北岡だけは武志の腕の故障の事を知っていました。
しかし監督に報告しようとした。
約束を重んじる彼にとってこれは大きな裏切りでした。
破った罰として武志は北岡の愛犬を殺すという行為に出ました。
もちろん北岡自身を殺すつもりなどなかったのですが、もみ合う内に殺害していまします。
殺人犯となった自分はもはやプロにはなれないが借金はなんとかしてあげたい、殺人犯の家族という汚名も着せたくない。
その結果、自殺し右腕の後始末を弟に頼むことで殺人犯が別に居ると思わせる計画を実行したのでした。

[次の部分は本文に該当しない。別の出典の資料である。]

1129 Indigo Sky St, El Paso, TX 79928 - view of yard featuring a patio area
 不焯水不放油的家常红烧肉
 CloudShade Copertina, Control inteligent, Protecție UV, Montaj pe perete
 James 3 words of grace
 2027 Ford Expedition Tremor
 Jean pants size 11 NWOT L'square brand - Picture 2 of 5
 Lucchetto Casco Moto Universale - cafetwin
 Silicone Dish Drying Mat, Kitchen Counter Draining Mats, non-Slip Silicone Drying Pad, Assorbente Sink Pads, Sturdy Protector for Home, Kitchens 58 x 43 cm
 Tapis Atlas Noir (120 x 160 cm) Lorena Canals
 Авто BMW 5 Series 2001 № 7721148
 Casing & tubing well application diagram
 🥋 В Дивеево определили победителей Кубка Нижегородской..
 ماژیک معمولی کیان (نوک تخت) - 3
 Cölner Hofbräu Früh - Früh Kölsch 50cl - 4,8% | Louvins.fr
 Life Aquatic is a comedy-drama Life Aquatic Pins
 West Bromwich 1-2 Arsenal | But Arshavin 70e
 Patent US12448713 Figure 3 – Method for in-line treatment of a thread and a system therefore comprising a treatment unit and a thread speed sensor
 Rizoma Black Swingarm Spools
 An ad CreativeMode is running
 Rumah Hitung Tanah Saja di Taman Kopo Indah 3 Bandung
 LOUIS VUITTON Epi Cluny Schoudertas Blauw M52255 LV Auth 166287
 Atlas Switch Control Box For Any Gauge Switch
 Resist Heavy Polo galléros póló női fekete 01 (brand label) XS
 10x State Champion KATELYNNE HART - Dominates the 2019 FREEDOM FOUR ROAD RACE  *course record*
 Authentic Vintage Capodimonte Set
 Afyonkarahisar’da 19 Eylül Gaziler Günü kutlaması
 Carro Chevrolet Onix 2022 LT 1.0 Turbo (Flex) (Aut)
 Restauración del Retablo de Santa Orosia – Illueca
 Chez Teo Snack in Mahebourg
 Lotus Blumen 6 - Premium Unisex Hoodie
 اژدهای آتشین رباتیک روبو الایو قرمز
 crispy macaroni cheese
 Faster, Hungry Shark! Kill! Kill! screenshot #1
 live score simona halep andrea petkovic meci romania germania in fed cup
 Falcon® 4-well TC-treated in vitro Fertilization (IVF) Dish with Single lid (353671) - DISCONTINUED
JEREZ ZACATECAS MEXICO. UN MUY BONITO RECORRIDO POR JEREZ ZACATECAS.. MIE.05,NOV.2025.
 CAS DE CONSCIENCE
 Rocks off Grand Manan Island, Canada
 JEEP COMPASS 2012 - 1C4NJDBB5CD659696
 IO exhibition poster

弟が兄の計画を知った時すでに兄は亡くなっていました。
「兄はいつも一人だった」勇樹の知らないところで武志はすべてを計画し去っていってしまいました。
甲子園の最後の投球、投げる瞬間武志の顔は鈍く歪んでいました。
武志もまた故障したことで投げることが可能になった、因果な『魔球』だったのです。
魔球 を読んだ読書感想
東野圭吾初期の青春小説です。
近年の作品のような大きなスケールはありませんが、家庭環境に問題のある須田武志という少年の強い意志と苦悩、個性的なその性質が、推理小説の推理部分だけでなく、物語の部分に大きな魅力を与えています。
冒頭では魔球とはいったいどんな球なのかという興味がもちろん出てきますが、読み進めていく内に魔球そのものの謎より、なぜ武志は魔球を求めたのか、という手段としての魔球の謎に興味が移っていくのが、推理小説として巧みな部分だと思います。
一人の強い若者が失われたような寂しい読後感をもたらせてくれる作品です。